Así se tiene que el artículo 54 dispone: “El Ministerio Público regirá su actuación por un criterio objetivo, velando por la correcta aplicación de la ley y tomando en consideración los elementos de cargo y descargo con relación al imputado” .
Sin embargo, el artículo 55 dispone: “El Ministerio Público formulará motivada y específicamente sus requerimientos, dictámenes y resoluciones (actos jurisdiccionales). Y el artículo 162 dice: Citación. Cuando sea necesaria la presencia de una persona para algún acto procesal, el juez, el tribunal o el fiscal en su caso, ordenará su citación. Los imputados en libertad, la víctima, los testigos, peritos, intérpretes y depositarios judiciales podrán ser citados por medio de la Policía, funcionarios del Ministerio Público o por telegrama colacionado. Se les advertirá de las sanciones a que se harán pasibles si no comparecen y que, en este caso, será obligados a comparecer por la fuerza pública policial, de no mediar causa justificada. El apercibimiento se hará efectivo inmediatamente. La incomparecencia injustificada hará incurrir en las costas que se causaren, sin perjuicio de la responsabilidad penal que corresponda (rango inquisitivo).
Debemos reconocer que el Código Penal vigente, también adolece de otro grave error, ha encomendado a un mismo órgano estatal -Ministerio Público- la investigación de hechos punibles y, a la vez, la protección de las garantías constitucionales del ciudadano. Ambas funciones en representación y de interés del Estado, absolutamente incompatibles. Penosamente, en la práctica, con extrema facilidad el titular de la investigación se inclina por un solo interés, convirtiéndose en verdugo del investigado, extremo que también es obligación del órgano jurisdiccional controlar en pos de la equidad que es el fin de todo proceso, conforme lo faculta el artículo 282 del CPP.
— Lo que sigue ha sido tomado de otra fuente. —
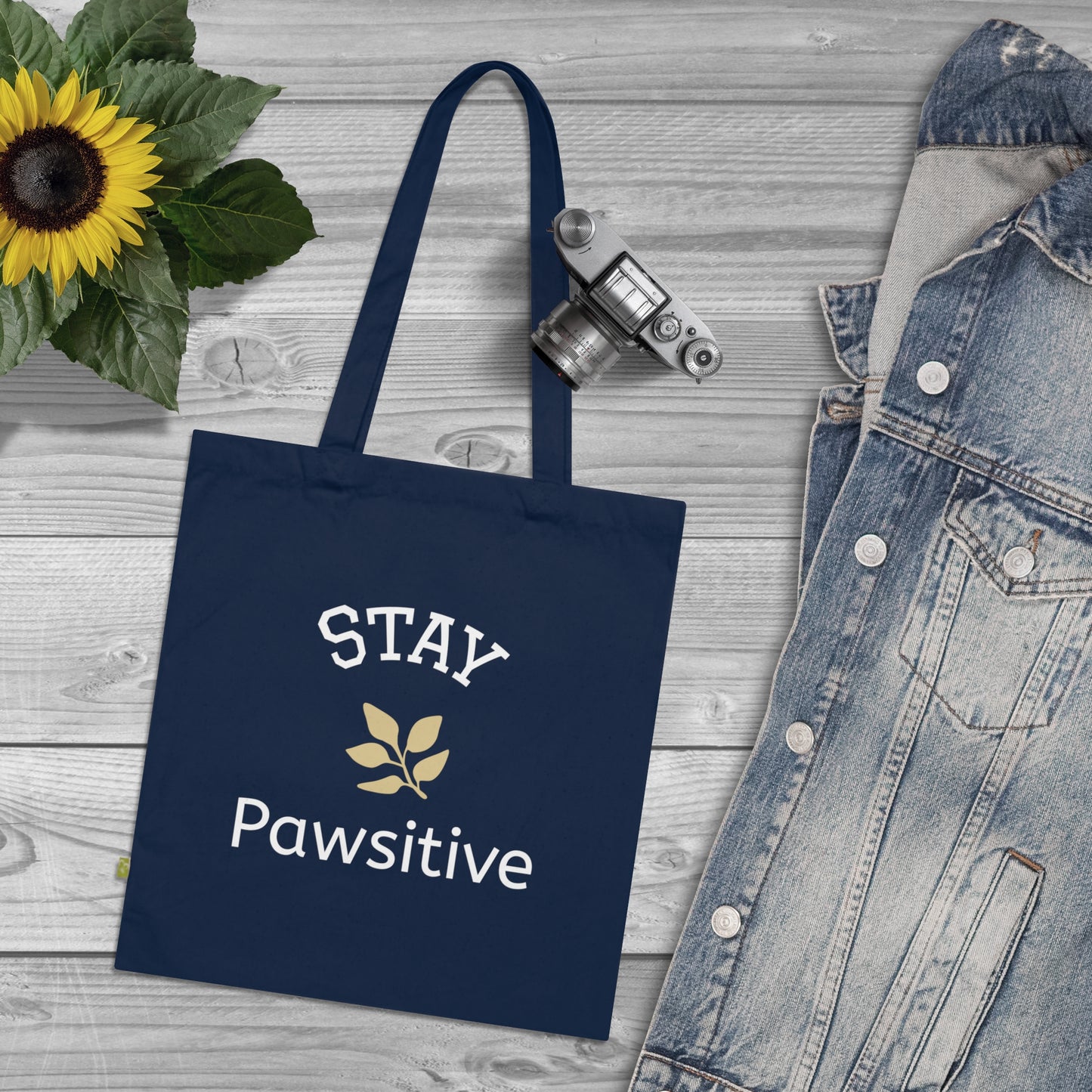 Stay Pawsitive Organic Cotton Tote Bag - Perfect for Dog Lovers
A pesar que la característica esencial en el Sistema Acusatorio es que el acto preparatorio o acto de investigación se trata de una etapa no jurisdiccional y no secreta para el investigado, respetuoso del derecho a la privacidad y demás garantías individuales consagradas en la Constitución Nacional. Son actos de corte administrativo que se entrega a la Fiscalía, la cual elabora las primeras pesquisas, pasando sus pretensiones por un juez de control y garantías, quien debe estar al frente de cualquier prueba anticipada que se recaude.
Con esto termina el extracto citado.